滝野:昔の自分は、科学は好きだけど、暗記ばかりの(と勘違いしていた)生物学は嫌いでした。それが、実験教室を受けて生物学のイメージが変わり、自分の進路にも大きな影響がありました。生徒さんたちにも、自分たちが組み上げた実験教室に参加して、「この分野面白いな」と感じてもらいたい。受講した生徒さんのその後の人生を選択するきっかけになってくれれば、というのを意識しながら実験教室を企画しています。
それに、受講した生徒さんが、将来、私たちの仲間になってもらえたらなとも思っています。
津久井:最近の実験教室は、以前のものと比べて違いがありますか?
滝野:最近は、リバネスに様々な分野のメンバーが加わったことで、新しいテーマでの実験教室を開発したいという話がたくさん出てきています。それは、実験教室を希望する学校や先生方、生徒さんにも選択肢を増やすことになるので、とても良いことだと考えています。

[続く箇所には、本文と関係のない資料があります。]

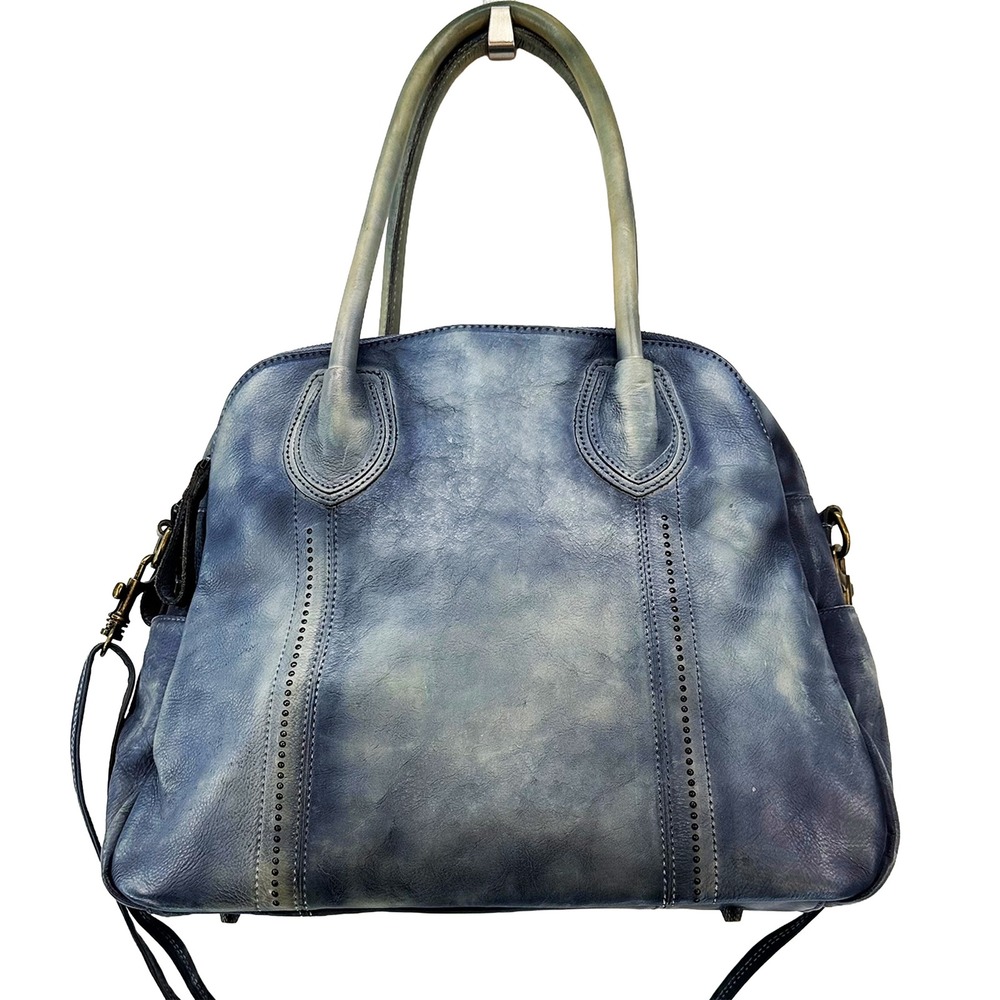 OLD TREND Distressed Vintage Look Leather Tote Shoulder Bag • blue • boho chic - Picture 3 of 13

ただ、実験教室を企画するうえで重要なのは、どんなメッセージを伝えたいか、面白さはどこにあるのかを明確にすることだとも思います。自分の専門分野にこだわり過ぎずに、それぞれの観点からメッセージや面白さ、その分野の魅力を伝えることができる。それこそが、リバネスのメンバーに求められることなのだと思っています。実験教室を通して、「身近なところからの発見にワクワクする機会」をもっとたくさんつくりたいですね。
津久井:静岡雙葉高校の企画では講師(ティーチングマネージャ:TM)をやっていましたね?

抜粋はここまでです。